By focusing exclusively on services, we are raising awareness that services are of vital importance, not only as a source of exports but as a driver of competitiveness throughout the economy.
By pursuing ambitious outcomes for market access, we are working to establish a level playing field as the global norm.
And by pursuing common rules of the road in areas like telecommunications, E-Commerce, and regulatory transparency, we are working to minimize policy conflicts and smooth the flow of trade.
In other words, through TiSA we are working to establish state-of-the-art trade rules that promote fair and open competition across a broad spectrum of service sectors.
So let me give you an update on where negotiations currently stand.
TiSA was launched just over a year ago and in that time we have made significant progress.
We are currently engaged with fifty WTO members that represent nearly two-thirds of global trade in services and a combined services market exceeding $30 trillion.
That’s more than half the world GDP.
These participants span the globe – big to small, lower-income to very wealthy. Together they have committed to a vision of the world as it could be in 2020 and 2030: open markets, new opportunities for businesses and for consumers, advances in technological, receding poverty.
The 7th round of negotiations begins next week and the basic framework of the agreement is in place, initial market access offers have been exchanged, and sector-specific work in areas like telecommunications and financial services is in full swing. And we are pleased with the level of progress and the 'can do' spirit of the group.
But we still have a lot of work before us.
We have taken very seriously the calls from business to address new issues in TiSA.

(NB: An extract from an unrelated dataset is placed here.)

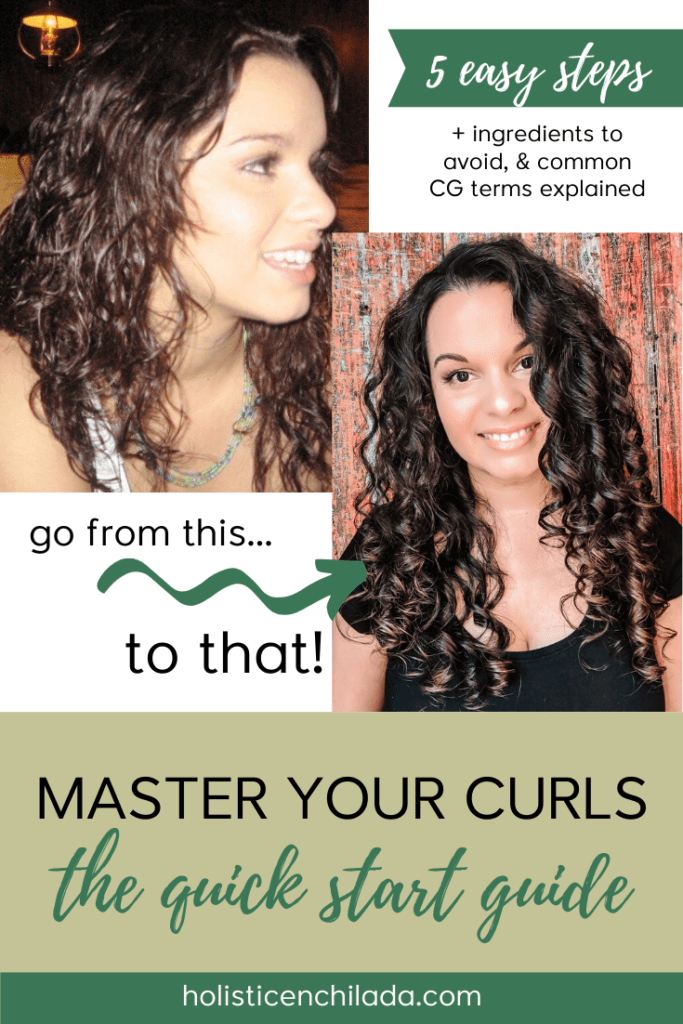 Beginners Guide To The Curly Girl Method Pin Image 2 The Holistic Enchilada Curly Hair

For example, we have tabled an ambitious proposal to address restrictions on cross-border data flows and the troubling trend toward localization requirements.
These issues are difficult, and reaching a consensus will not be easy.
But that is exactly why we need the help of coalitions like “Team TiSA,” which brings together a broad business coalition to help support our efforts.
We need to be making the case to the American public, to businesses, to foreign countries, and to members of Congress that service exports provide an unmatched and untapped opportunity.
An opportunity that TiSA can help us realize.
At USTR, TiSA is a critical component of our overall agenda to unlock opportunity for more Americans, an agenda that also includes negotiations like the Trans-Pacific Partnership (TPP) and the Transatlantic Trade and Investment Partnership (T-TIP).
TiSA is particularly interesting in that it enables us to build a bridge across both the Atlantic and the Pacific – to start working right now on a global basis.
Together, these efforts provide us with a chance to expand the role trade has played over the past 5 years to spur growth during our economic recovery.
Together, our agenda can help our businesses, workers, and families access markets that are hungry for the products and services that only Americans can provide.
As many of you know, there are 525 million middle class consumers in Asia alone today.
By 2030, there are expected to be 2.7 billion middle class consumers in Asia, more than six times the size of what the U.S. market is expected to be at that time.
These consumers will want access to the services that American businesses can provide.
They will want state-of-the-art communications and technology services.
They will want access to high-quality banking, insurance and other financial services.
They will want access to efficient, low-cost logistics and distribution networks – to bring the best products of the world to their door.
They will want to travel the globe, and to enjoy the best of entertainment, games and software services.
The question will be whether we will be there to provide these services?
And the answer will help determine a lot about the job prospects of those in big cities and small towns all across America.
We cannot afford to be left on the sidelines.
We need to move forward together with a Trade in Services Agreement that unlocks opportunity for Americans, and with Team TiSA behind us, I’m confident that we are on the right track.